Sunday, June 15, 2008
Strawberry update
Well, the strawberries are still worrying me. During the week I carefully scraped off all the straw, rolled back the black mulch and eased the plants through the holes to expose the earth to sunlight. I forked around the base of all the plants and added some peat free compost from a bag of bought stuff, watered well and then stood back and looked at them. The ants have largely been killed off thanks to the nasty powder so I think I've done all I can now, short of ritual sacrifice and naked dancing. I just hope they recover.
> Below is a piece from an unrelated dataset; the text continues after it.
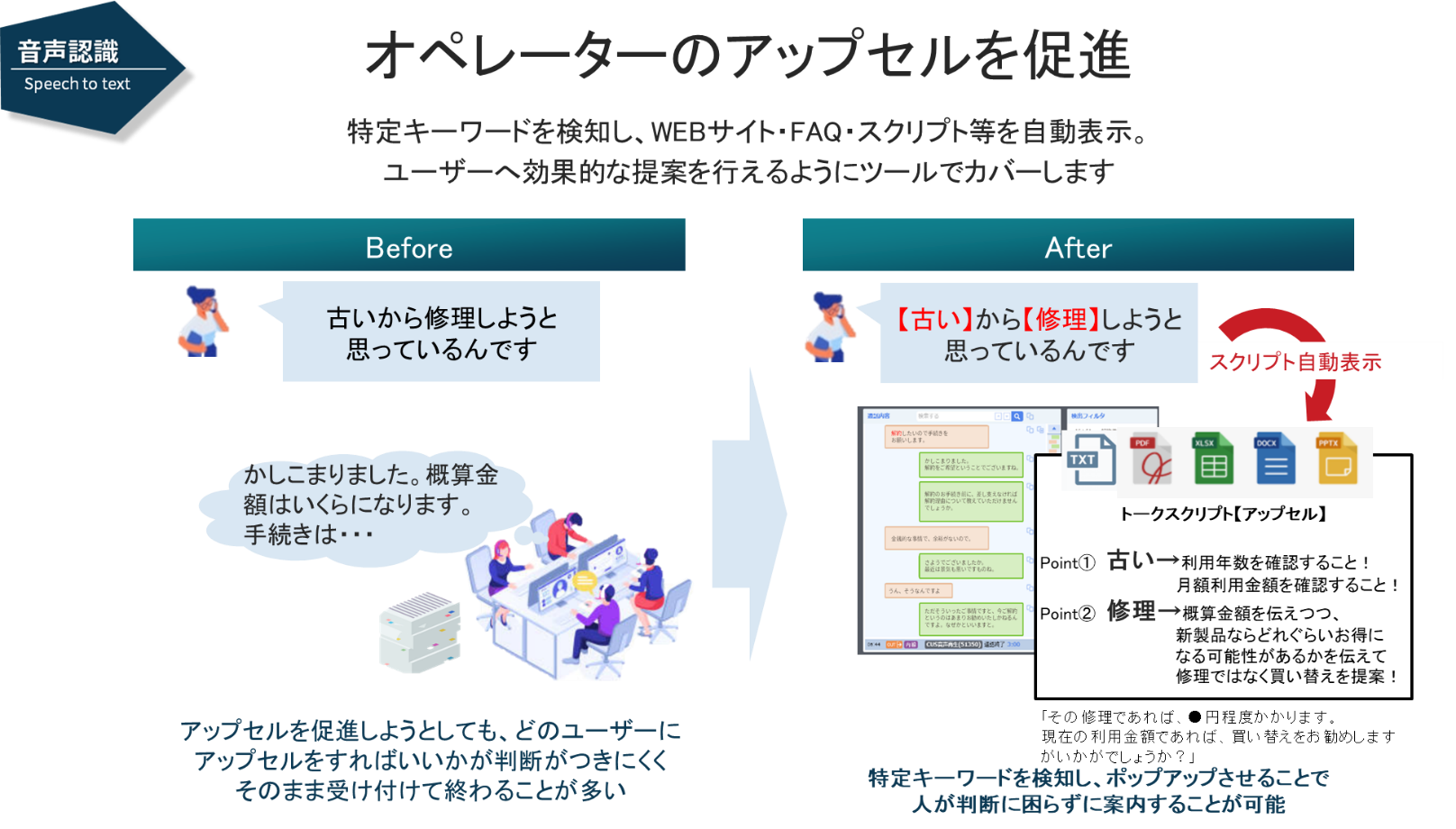 効果的なアップセルを行えるツールを導入する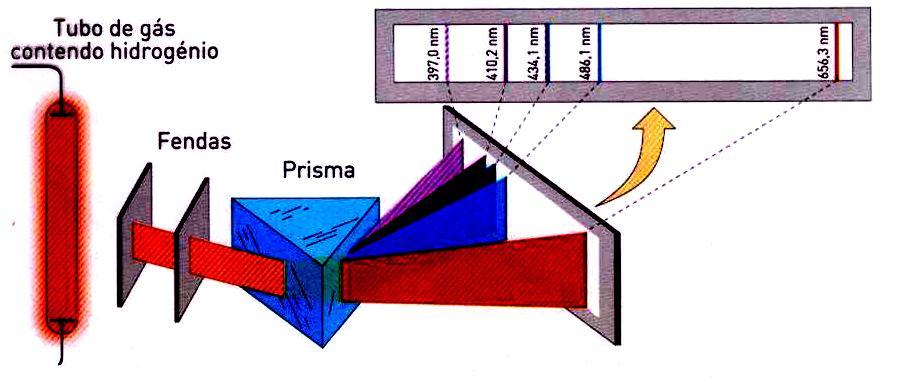 Quantização de energia.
I've been searching the internet for strawberry maladies and another problem it could be is crown rot. The pictures of affected plants look horribly similar to the strawberries on my plot. However, it's a big coincidence that each limp plant had a big ants nest underneath it, isn't it? I don't think I can do much more at the moment except wait and see what happens next.
What happens next for me is to go and make a start on supper. Just me and the boys tonight, J's away in the camper van having fun at a balloon event so he won't need to know that we're going to sample the really scrummy strawberry ice-cream to make sure it's as good as it looks. No, he won't mind - he'll be enjoying junk food with a bunch of blokes. All the more for us.
So....what can I put in for today's photo. Not another wilting strawberry, I'm choosing something that's doing very well at the moment. This artichoke is so tall I can't actually reach to pick the top ones. We've had quite a few already, more are stacked up waiting in the fridge and I took some with me to a party last night and gave them away. Partychokes.
Happy gardening
Monday, June 9, 2008
Ants in my pants
The Strawberries were doing very well until a few days ago and I was looking forward to a good crop. My plants are all poking out of black breatheable mulch with straw under the berries to hold them away from the damp earth and some time in the spring I took all the mulch off, added lots of manure compost and growmore and I thought they'd be fine. However, the plants at the lower end of the strip seem to be dwindling away - I'd thought it was just because it's been so dry, but today I lifted the black membrane and underneath each of the affected plants is a seething red ants nest.
The photos show the sad strawberry at the top and the "I'm all right mate" strawberry lower down. One plant has even given up entirely - there were loads of ant eggs under that one.
I have always had a lot of red ants on the allotment, indeed, I have often said that my allotment is a red ants nest infested by a few vegetables - but I was joking for goodness sake and I didn't mean it to get as bad as this! Today I puffed ant killer (very non organic) under the membrane and I'm hoping the ants will give up and let me harvest some strawberries. I'm not even sure if we can eat them now I've used the ant killer stuff which would be a pain.
I would really love to eradicate the little red b*****rds because not only do they kill off the plants I'm trying to grow, I am incredibly allergic to their bites and have to carry all sorts of potions in my bag to counteract the toxins.
Still, I picked enough strawberries before I applied the powder so at least we've got some for tonight. Cheesecake or ice-cream? Hmm. It's got to be good in case we don't get any more strawberries.